Question

Predict the products of the following acid-base reactions, and predict whether the equilibrium lies to the left or to the right of the equation: (a) \(\mathrm{O}^{2-}(a q)+\mathrm{H}_{2} \mathrm{O}(l) \rightleftharpoons\) (b) \(\mathrm{CH}_{3} \mathrm{COOH}(a q)+\mathrm{HS}^{-}(a q) \rightleftharpoons\) (c) \(\mathrm{NO}_{2}^{-}(a q)+\mathrm{H}_{2} \mathrm{O}(l) \rightleftharpoons\)

Short answer

(a) The products of the reaction are \(2\ \mathrm{OH}^{-}(a q)\) and the equilibrium lies to the right. (b) The products of the reaction are \(\mathrm{CH}_{3}\mathrm{COO}^{-}(a q)\) and \(\mathrm{H}_{2}\mathrm{S}(a q)\) with the equilibrium lying close to the middle. (c) The products of the reaction are \(\mathrm{HNO}_{2}(a q)\) and \(\mathrm{OH}^{-}(a q)\) and the equilibrium lies to the left.

Step-by-step solution

(a) Identify the reactants

In reaction (a), the reactants are the oxide ion (\(\mathrm{O}^{2-}\)) and water (\(\mathrm{H}_{2}\mathrm{O}\)). We must determine which reactant acts as an acid and which as a base, predict the products, and evaluate their relative strengths.

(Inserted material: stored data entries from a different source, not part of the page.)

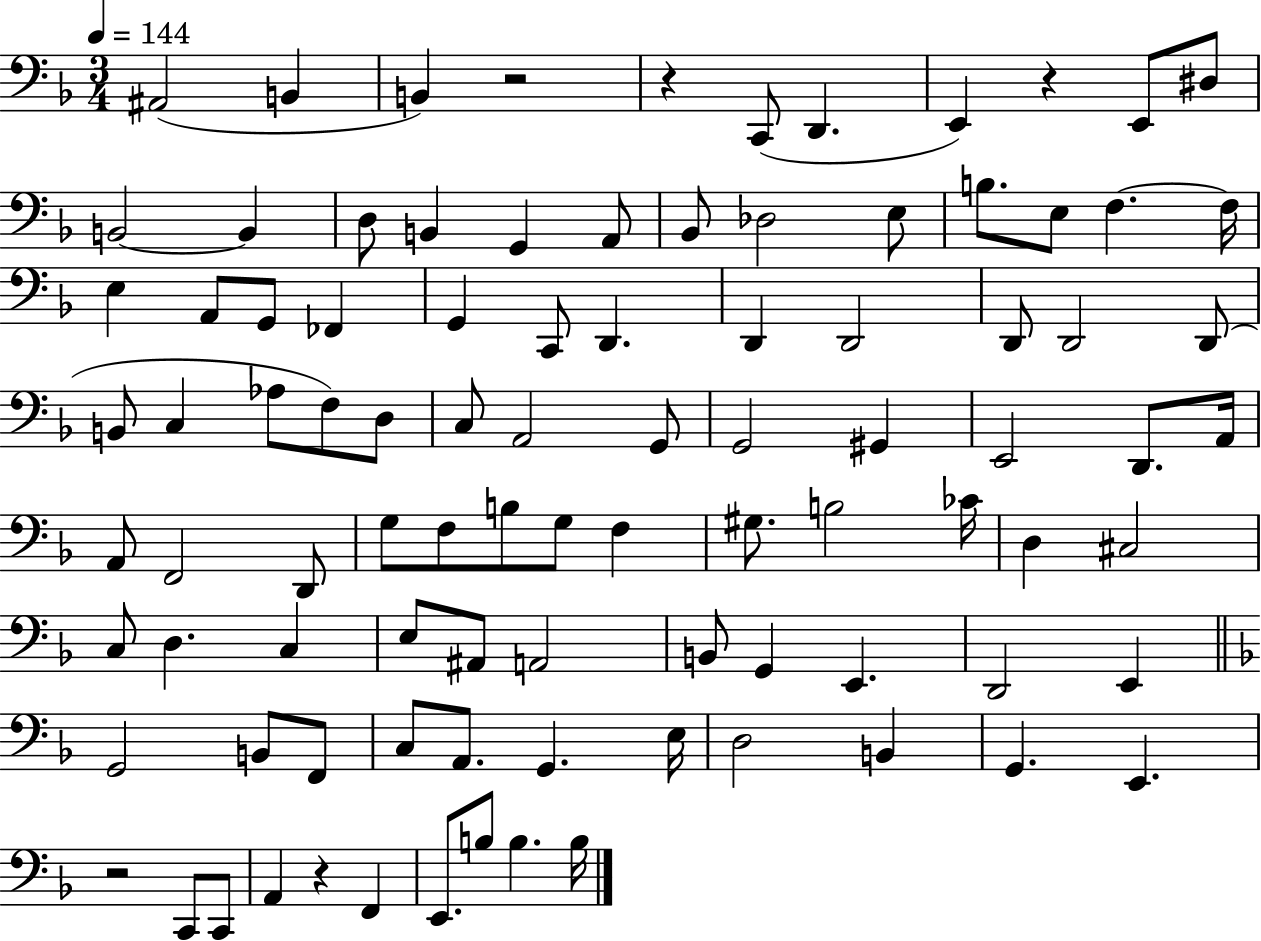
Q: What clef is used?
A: bass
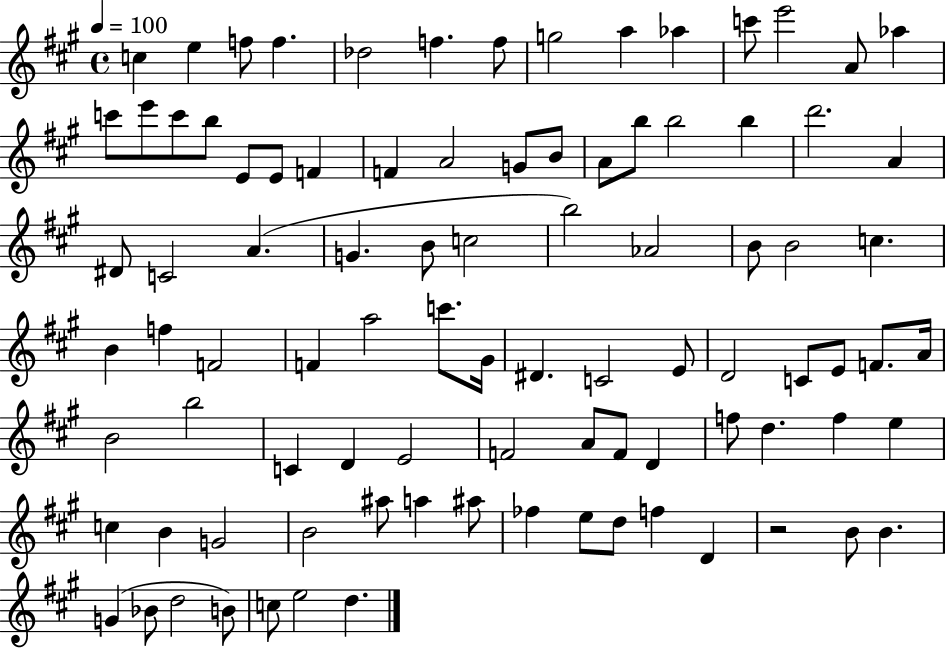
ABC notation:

X:1
T:Untitled
M:4/4
L:1/4
K:A
c e f/2 f _d2 f f/2 g2 a _a c'/2 e'2 A/2 _a c'/2 e'/2 c'/2 b/2 E/2 E/2 F F A2 G/2 B/2 A/2 b/2 b2 b d'2 A ^D/2 C2 A G B/2 c2 b2 _A2 B/2 B2 c B f F2 F a2 c'/2 ^G/4 ^D C2 E/2 D2 C/2 E/2 F/2 A/4 B2 b2 C D E2 F2 A/2 F/2 D f/2 d f e c B G2 B2 ^a/2 a ^a/2 _f e/2 d/2 f D z2 B/2 B G _B/2 d2 B/2 c/2 e2 d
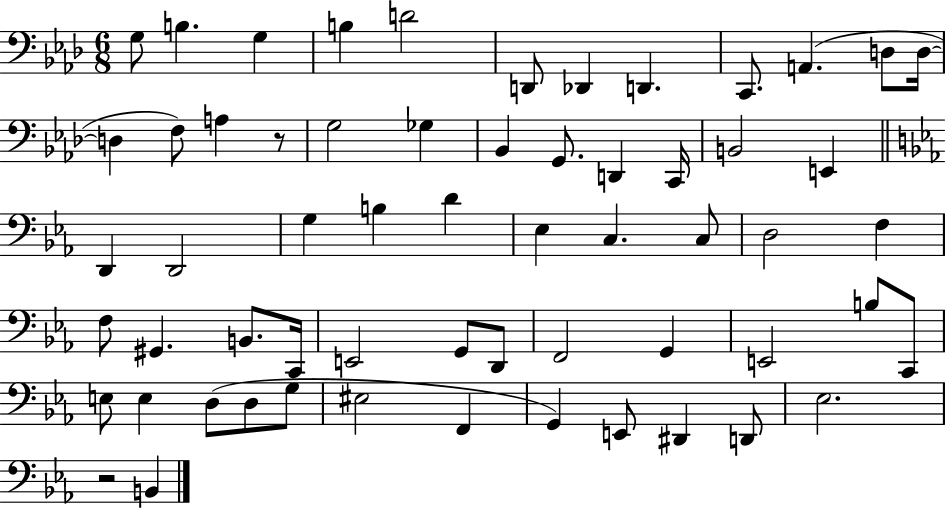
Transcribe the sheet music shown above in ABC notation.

X:1
T:Untitled
M:6/8
L:1/4
K:Ab
G,/2 B, G, B, D2 D,,/2 _D,, D,, C,,/2 A,, D,/2 D,/4 D, F,/2 A, z/2 G,2 _G, _B,, G,,/2 D,, C,,/4 B,,2 E,, D,, D,,2 G, B, D _E, C, C,/2 D,2 F, F,/2 ^G,, B,,/2 C,,/4 E,,2 G,,/2 D,,/2 F,,2 G,, E,,2 B,/2 C,,/2 E,/2 E, D,/2 D,/2 G,/2 ^E,2 F,, G,, E,,/2 ^D,, D,,/2 _E,2 z2 B,,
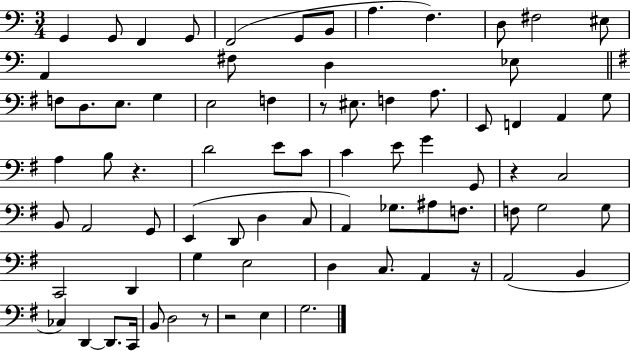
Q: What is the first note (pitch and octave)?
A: G2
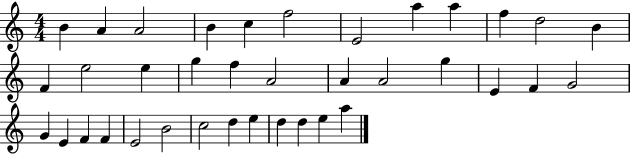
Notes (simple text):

B4/q A4/q A4/h B4/q C5/q F5/h E4/h A5/q A5/q F5/q D5/h B4/q F4/q E5/h E5/q G5/q F5/q A4/h A4/q A4/h G5/q E4/q F4/q G4/h G4/q E4/q F4/q F4/q E4/h B4/h C5/h D5/q E5/q D5/q D5/q E5/q A5/q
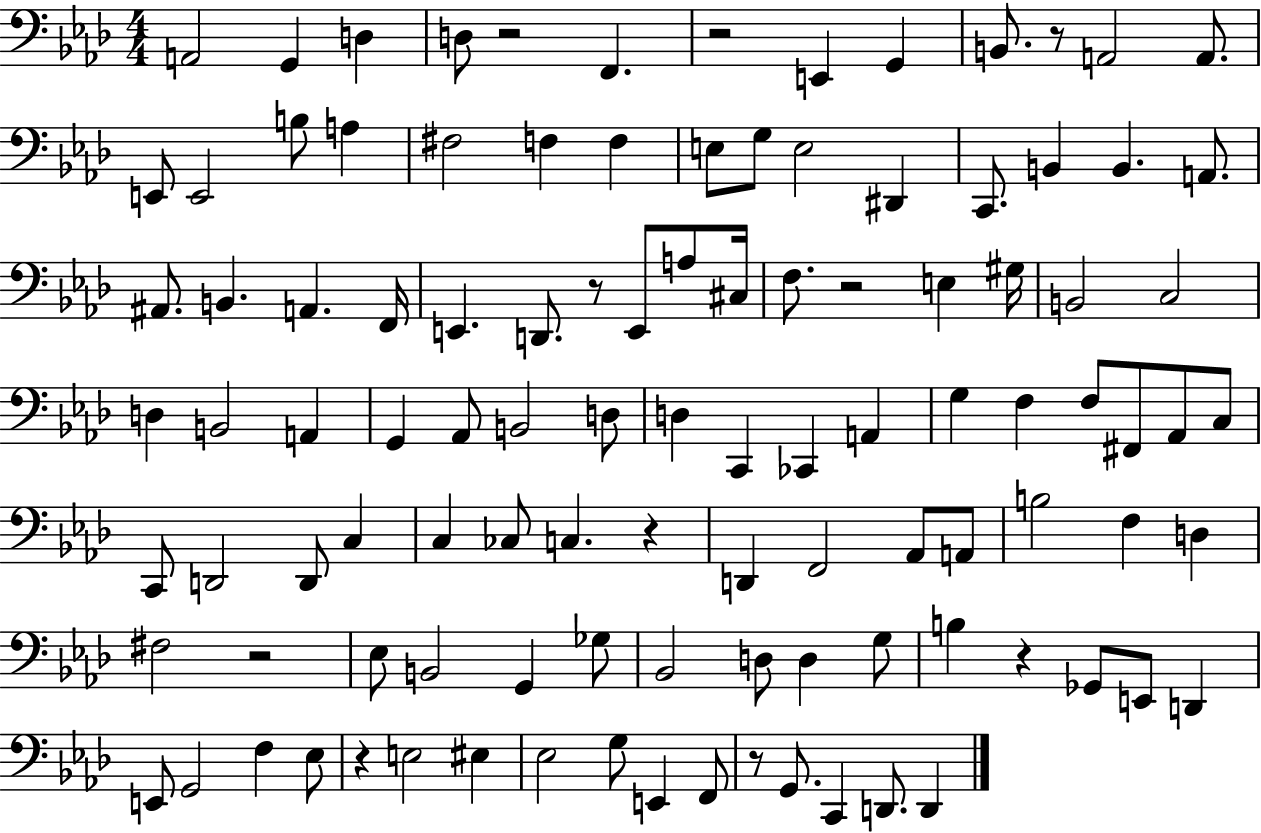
{
  \clef bass
  \numericTimeSignature
  \time 4/4
  \key aes \major
  \repeat volta 2 { a,2 g,4 d4 | d8 r2 f,4. | r2 e,4 g,4 | b,8. r8 a,2 a,8. | \break e,8 e,2 b8 a4 | fis2 f4 f4 | e8 g8 e2 dis,4 | c,8. b,4 b,4. a,8. | \break ais,8. b,4. a,4. f,16 | e,4. d,8. r8 e,8 a8 cis16 | f8. r2 e4 gis16 | b,2 c2 | \break d4 b,2 a,4 | g,4 aes,8 b,2 d8 | d4 c,4 ces,4 a,4 | g4 f4 f8 fis,8 aes,8 c8 | \break c,8 d,2 d,8 c4 | c4 ces8 c4. r4 | d,4 f,2 aes,8 a,8 | b2 f4 d4 | \break fis2 r2 | ees8 b,2 g,4 ges8 | bes,2 d8 d4 g8 | b4 r4 ges,8 e,8 d,4 | \break e,8 g,2 f4 ees8 | r4 e2 eis4 | ees2 g8 e,4 f,8 | r8 g,8. c,4 d,8. d,4 | \break } \bar "|."
}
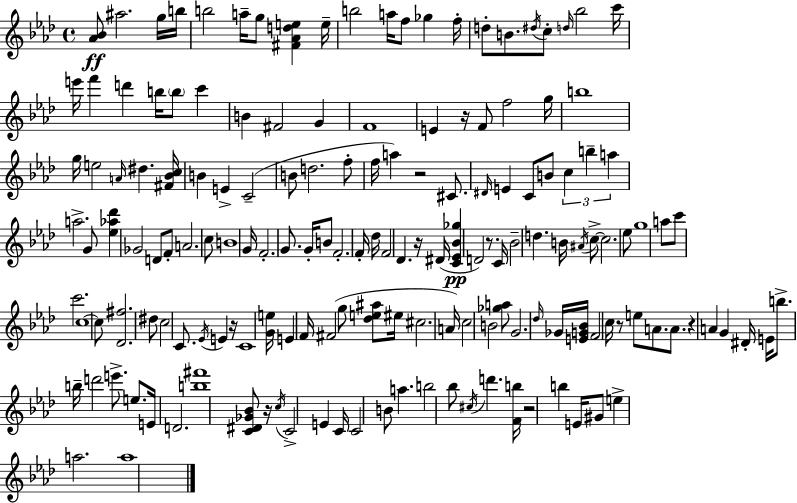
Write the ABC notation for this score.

X:1
T:Untitled
M:4/4
L:1/4
K:Ab
[_A_B]/2 ^a2 g/4 b/4 b2 a/4 g/2 [^F_Ade] e/4 b2 a/4 f/2 _g f/4 d/2 B/2 ^d/4 c/2 d/4 _b2 c'/4 e'/4 f' d' b/4 b/2 c' B ^F2 G F4 E z/4 F/2 f2 g/4 b4 g/4 e2 A/4 ^d [^F_Bc]/4 B E C2 B/2 d2 f/2 f/4 a z2 ^C/2 ^D/4 E C/2 B/2 c b a a2 G/2 [_e_a_d'] _G2 D/2 F/2 A2 c/2 B4 G/4 F2 G/2 G/4 B/2 F2 F/4 _d/4 F2 _D z/4 ^D/4 [C_E_B_g] D2 z/2 C/4 _B2 d B/4 ^A/4 c/2 c2 _e/2 g4 a/2 c'/2 c'2 c4 c/2 [_D^f]2 ^d/2 c2 C/2 _E/4 E z/4 C4 [Ge]/4 E F/4 ^F2 g/2 [_de^a]/2 ^e/4 ^c2 A/4 c2 B2 [_ga]/2 G2 _d/4 _G/4 [EG_B]/4 F2 c/4 z/2 e/2 A/2 A/2 z A G ^D/4 E/4 b/2 b/4 d'2 e'/2 e/2 E/4 D2 [b^f']4 [C^D_G_B]/2 z/4 c/4 C2 E C/4 C2 B/2 a b2 _b/2 ^c/4 d' [Fb]/4 z2 b E/4 ^G/2 e a2 a4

(a) Identify the acid and base

The oxide ion (\(\mathrm{O}^{2-}\)) is a strong base due to its high charge density and its propensity to accept protons. Water (\(\mathrm{H}_{2}\mathrm{O}\)) can act as both an acid and a base, but in this case, it will act as an acid.

(a) Predict the products

The products of this acid-base reaction would be hydroxide ion (\(\mathrm{OH}^{-}\)) and hydroxide ion (\(\mathrm{OH}^{-}\)). The balanced equation would be: \[\mathrm{O}^{2-}(a q)+\mathrm{H}_{2} \mathrm{O}(l) \rightleftharpoons 2\ \mathrm{OH}^{-}(a q)\]

(a) Determine the equilibrium direction

Since \(\mathrm{O}^{2-}\) is a stronger base than \(\mathrm{OH}^{-}\), and since water is a weaker acid than the produced hydroxide ion, the equilibrium will lie to the right.

(b) Identify the reactants

In reaction (b), the reactants are acetic acid (\(\mathrm{CH}_{3}\mathrm{COOH}\)) and the hydrosulfide ion (\(\mathrm{HS}^{-}\)). We must again identify which reactant acts as an acid and which as a base, predict the products, and evaluate their relative strengths.

(b) Identify the acid and base

Acetic acid (\(\mathrm{CH}_{3}\mathrm{COOH}\)) is a weak acid, while the hydrosulfide ion (\(\mathrm{HS}^{-}\)) is a weak base.

(b) Predict the products

The products of this acid-base reaction would be acetate ion (\(\mathrm{CH}_{3}\mathrm{COO}^{-}\)) and hydrogen sulfide (\(\mathrm{H}_{2}\mathrm{S}\)). The balanced equation would be: \[\mathrm{CH}_{3}\mathrm{COOH}(a q)+\mathrm{HS}^{-}(a q) \rightleftharpoons \mathrm{CH}_{3}\mathrm{COO}^{-}(a q)+\mathrm{H}_{2}\mathrm{S}(a q)\]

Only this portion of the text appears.